### Task brief
Take the lines below between the one holding "Soilsystems 09 00057 i007" and the one holding "Suitable for Mercedes-Benz", inclusive, and copy them exactly. Add nothing.

**** Extracted data ****

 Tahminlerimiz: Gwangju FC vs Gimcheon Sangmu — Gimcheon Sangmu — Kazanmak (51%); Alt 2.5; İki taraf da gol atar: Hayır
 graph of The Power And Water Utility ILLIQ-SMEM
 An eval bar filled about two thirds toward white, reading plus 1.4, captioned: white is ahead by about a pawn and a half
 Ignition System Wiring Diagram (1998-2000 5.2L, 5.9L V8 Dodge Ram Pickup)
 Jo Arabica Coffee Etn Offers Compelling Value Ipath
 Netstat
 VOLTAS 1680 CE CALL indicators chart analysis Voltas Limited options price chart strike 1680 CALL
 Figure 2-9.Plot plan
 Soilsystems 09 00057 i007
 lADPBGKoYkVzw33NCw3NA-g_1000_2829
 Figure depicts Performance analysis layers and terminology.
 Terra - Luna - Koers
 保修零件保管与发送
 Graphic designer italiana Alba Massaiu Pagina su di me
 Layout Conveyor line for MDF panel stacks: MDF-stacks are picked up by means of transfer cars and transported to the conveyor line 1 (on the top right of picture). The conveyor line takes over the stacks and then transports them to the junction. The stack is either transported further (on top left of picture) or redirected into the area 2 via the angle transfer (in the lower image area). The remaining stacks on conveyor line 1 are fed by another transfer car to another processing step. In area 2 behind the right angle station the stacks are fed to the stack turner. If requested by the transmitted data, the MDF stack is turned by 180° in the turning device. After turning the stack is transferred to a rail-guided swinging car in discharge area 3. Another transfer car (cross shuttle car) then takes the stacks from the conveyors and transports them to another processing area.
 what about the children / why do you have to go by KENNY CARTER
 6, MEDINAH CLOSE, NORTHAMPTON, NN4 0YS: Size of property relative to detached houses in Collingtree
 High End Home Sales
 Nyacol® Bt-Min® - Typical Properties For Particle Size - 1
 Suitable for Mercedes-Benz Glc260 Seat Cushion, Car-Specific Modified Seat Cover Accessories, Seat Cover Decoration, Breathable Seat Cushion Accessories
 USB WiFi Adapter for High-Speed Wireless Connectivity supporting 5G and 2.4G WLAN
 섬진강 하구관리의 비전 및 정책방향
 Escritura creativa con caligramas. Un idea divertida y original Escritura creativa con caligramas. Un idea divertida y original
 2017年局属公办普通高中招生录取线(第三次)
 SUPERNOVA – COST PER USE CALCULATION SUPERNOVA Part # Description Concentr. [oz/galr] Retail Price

****

### Written response
 Soilsystems 09 00057 i007
 lADPBGKoYkVzw33NCw3NA-g_1000_2829
 Figure depicts Performance analysis layers and terminology.
 Terra - Luna - Koers
 保修零件保管与发送
 Graphic designer italiana Alba Massaiu Pagina su di me
 Layout Conveyor line for MDF panel stacks: MDF-stacks are picked up by means of transfer cars and transported to the conveyor line 1 (on the top right of picture). The conveyor line takes over the stacks and then transports them to the junction. The stack is either transported further (on top left of picture) or redirected into the area 2 via the angle transfer (in the lower image area). The remaining stacks on conveyor line 1 are fed by another transfer car to another processing step. In area 2 behind the right angle station the stacks are fed to the stack turner. If requested by the transmitted data, the MDF stack is turned by 180° in the turning device. After turning the stack is transferred to a rail-guided swinging car in discharge area 3. Another transfer car (cross shuttle car) then takes the stacks from the conveyors and transports them to another processing area.
 what about the children / why do you have to go by KENNY CARTER
 6, MEDINAH CLOSE, NORTHAMPTON, NN4 0YS: Size of property relative to detached houses in Collingtree
 High End Home Sales
 Nyacol® Bt-Min® - Typical Properties For Particle Size - 1
 Suitable for Mercedes-Benz Glc260 Seat Cushion, Car-Specific Modified Seat Cover Accessories, Seat Cover Decoration, Breathable Seat Cushion Accessories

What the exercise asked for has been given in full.